La settimana scorsa sono stati raccolti 550 milioni di euro per la futuristica struttura che dovrebbe assicurare tranquillità per i prossimi cento anni. Un progetto da oltre un miliardo e mezzo di euro per seppellire definitivamente il reattore numero quattro e costruire un nuovo impianto di stoccaggio per le scorie. Ma tra la crisi internazionale e Fukushima, la conferenza dei donatori a Kiev è rimasta sotto i 740 milioni richiesti per coprire tutti i costi. E così l’Ucraina dovrà continuare a elemosinare. La gigantesca bara sarà costruita accanto alla centrale e poi fatta scorrere sino a piazzarsi sopra la vecchia usurata. Entro il 2015 dovrebbe essere completata. Il condizionale è d’obbligo, per un piano iniziato nel 1997 che doveva concludersi nel 2007 e che in realtà deve praticamente ancora partire. Anche se l’Unione Sovietica non c’è più da vent’anni, i ritmi e i difetti sembrano essere quelli di allora.

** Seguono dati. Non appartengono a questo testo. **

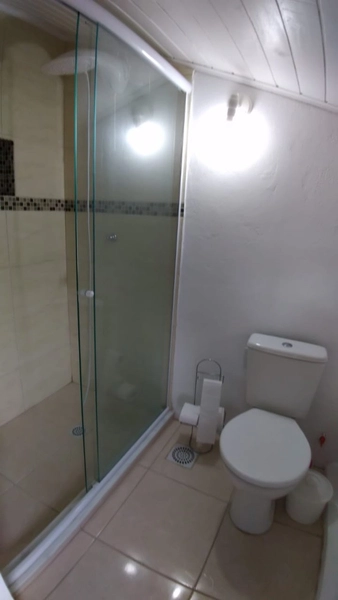 Ótimo sobrado com dormitório na parte inferior.: 24ª foto da galeria de imagens do imóvel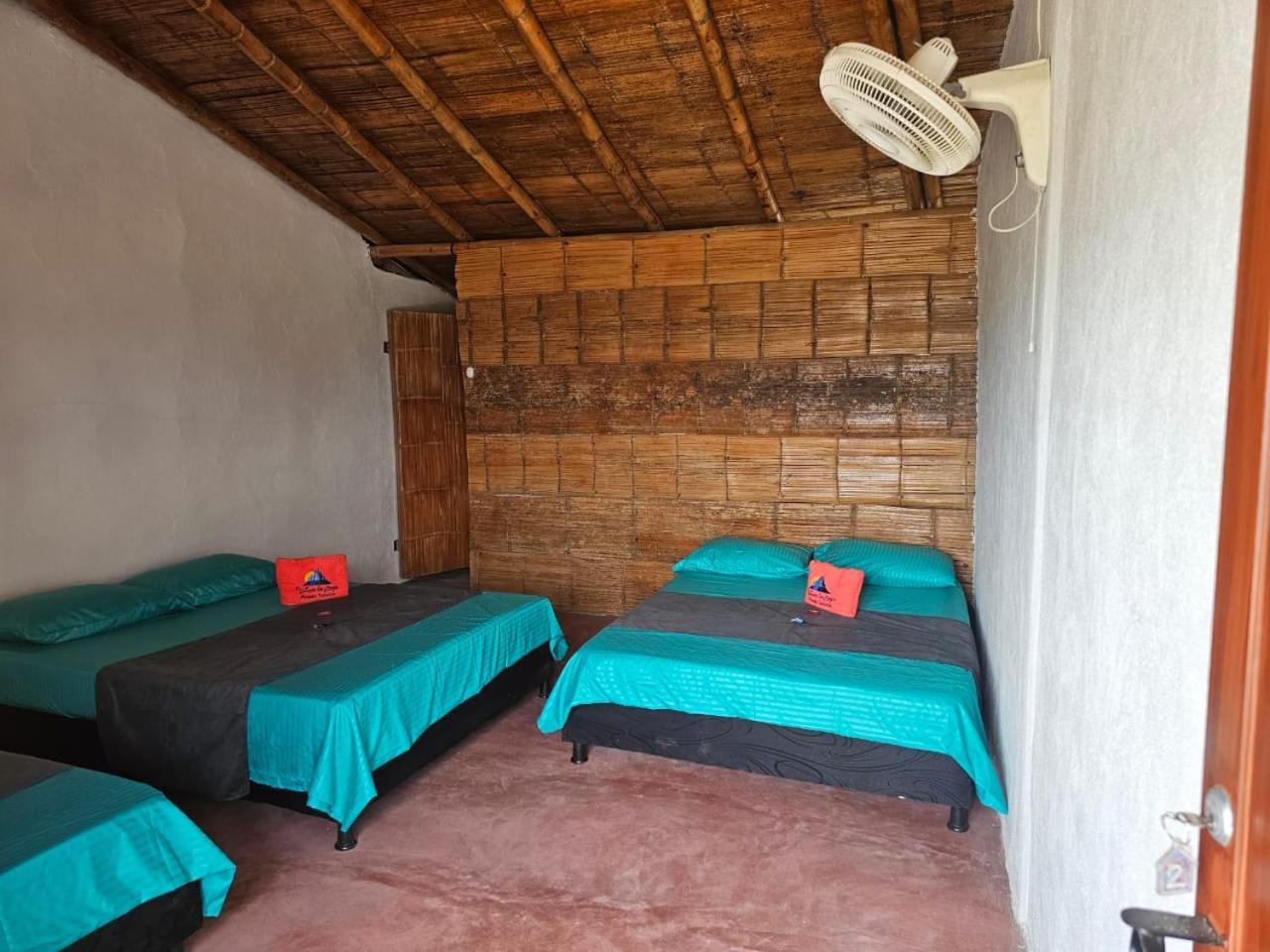 Estadero Los Hoyos Villavieja Exterior photo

Tempi e numeri spesso un’incognita. Tanto che ancora oggi non si sa bene davvero quante siano state le vittime del disastro. Qualche decina, se si contano solo gli early liquidators, gli eroi che per primi si impegnarono nelle operazioni per tamponare la fuga dal reattore. Circa quattromila se si dà retta alla Iaea, che si riferisce ai casi in cui le morti possono essere messe direttamente in relazione con l’esposizione a dosi elevate di radioattività. Circa venticinquemila, come indicano fonti non ufficiali. Ma è un calcolo spesso fine a se stesso, dato che mancano dati attendibili e riconosciuti per tutti i territori colpiti. Più difficoltoso è ancora definire il numero di coloro che hanno sofferto, soffrono e soffriranno delle più varie malattie, dal tumore alla tiroide ai disturbi psichici. L’Agenzia per la ricerca sul cancro dell’Organizzazione mondiale della sanità ha fatto recentemente osservare come la comunità internazionale debba supportare le ricerche sul lungo periodo perché “gli effetti dell’incidente continuano ancora oggi e non sono ancora del tutto noti”.

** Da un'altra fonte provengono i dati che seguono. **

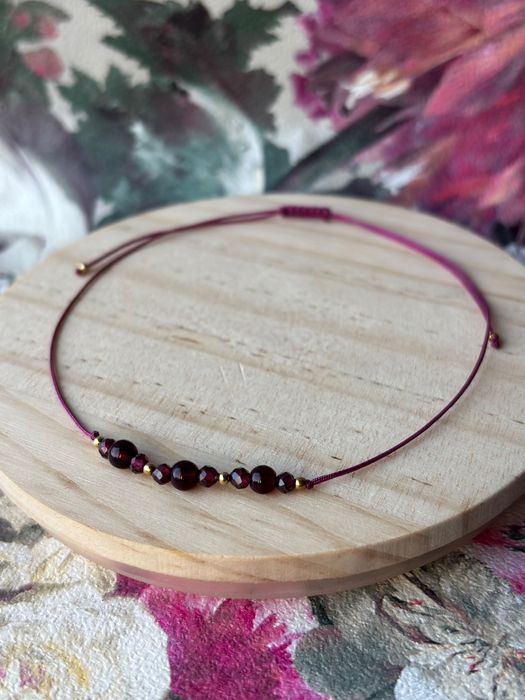 bransoletka na sznurku z kamieniami naturalnymi - Granatem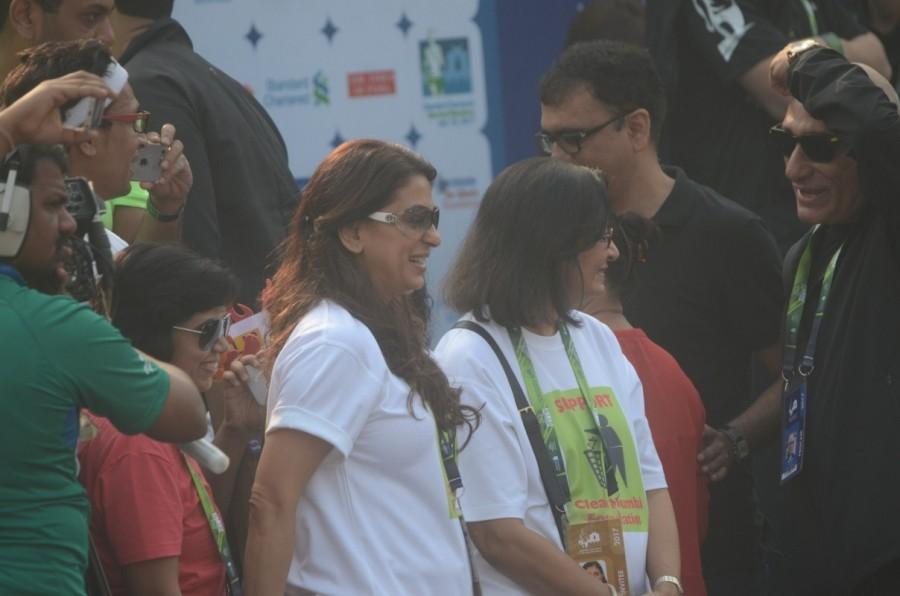 Bollywood actress Juhi Chawla spotted during the Mumbai Marathon 2017 on Jan 15, 2017. John Abraham,Juhi Chawla,John Abraham at Mumbai Marathon 2017,Juhi Chawla at Mumbai Marathon 2017,Mumbai Marathon 2017,Mumbai Marathon,celebs at Mumbai Marathon,Mumbai Marathon pics,Mumbai Marathon images,Mumbai Marathon photos,Mumbai Marathon stills,Mumb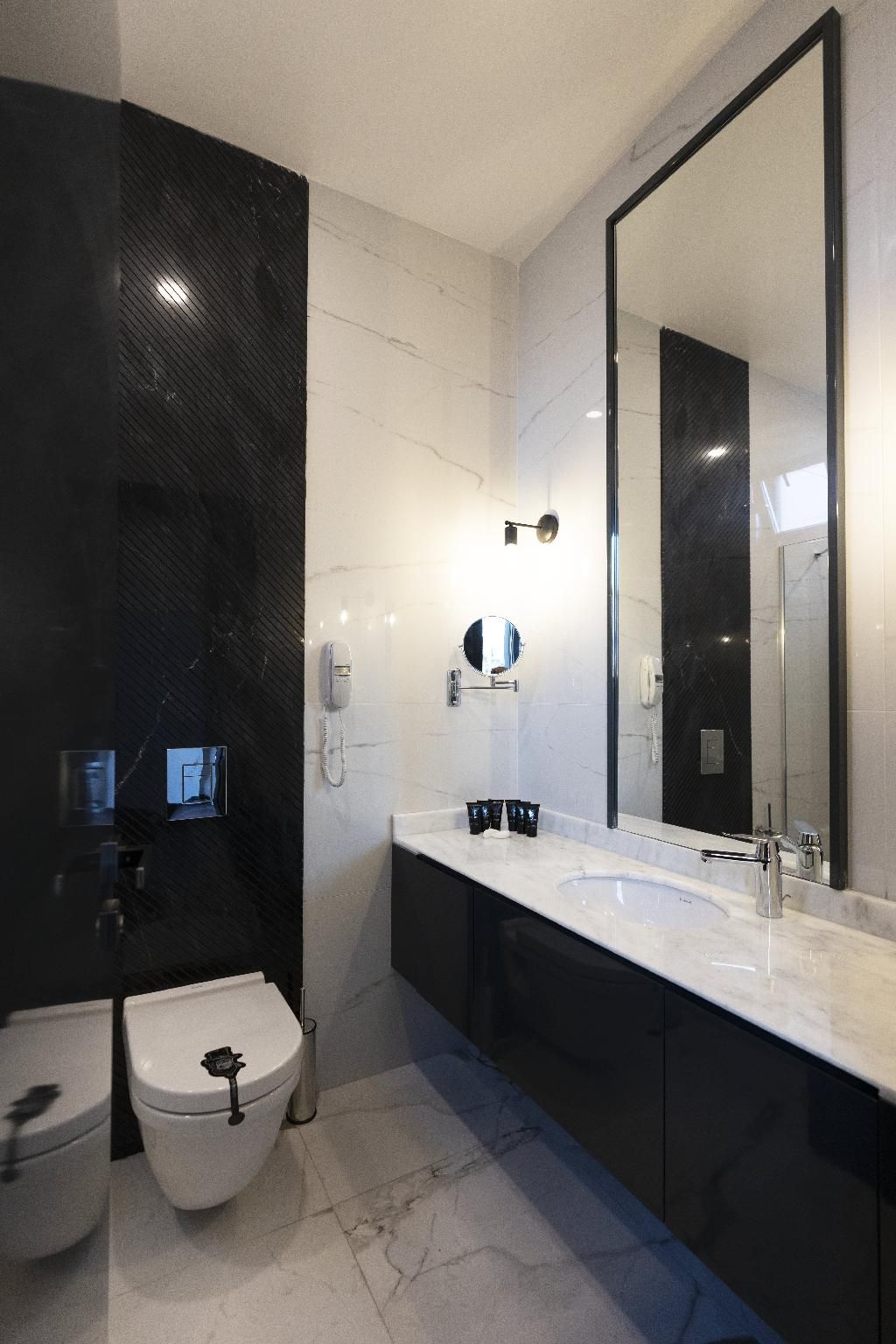 Lucky Monkey Hotel City View Triple Room 2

È passato un quarto di secolo, ma le lezioni del passato non sono certo state tutte assimilate. Secondo un recente sondaggio la maggior parte degli ucraini teme nuovi incidenti e non si fida dell’atomo. Nel paese sono presenti quattro centrali, altre sono in progetto. Il nucleare fornisce quasi il 50 per cento dell’energia e senza di esso qui non si non si potrebbe andare avanti. Chernobyl ha lasciato il segno, ma una strategia energetica alternativa per il futuro non è all’orizzonte. Almeno a Kiev e dintorni.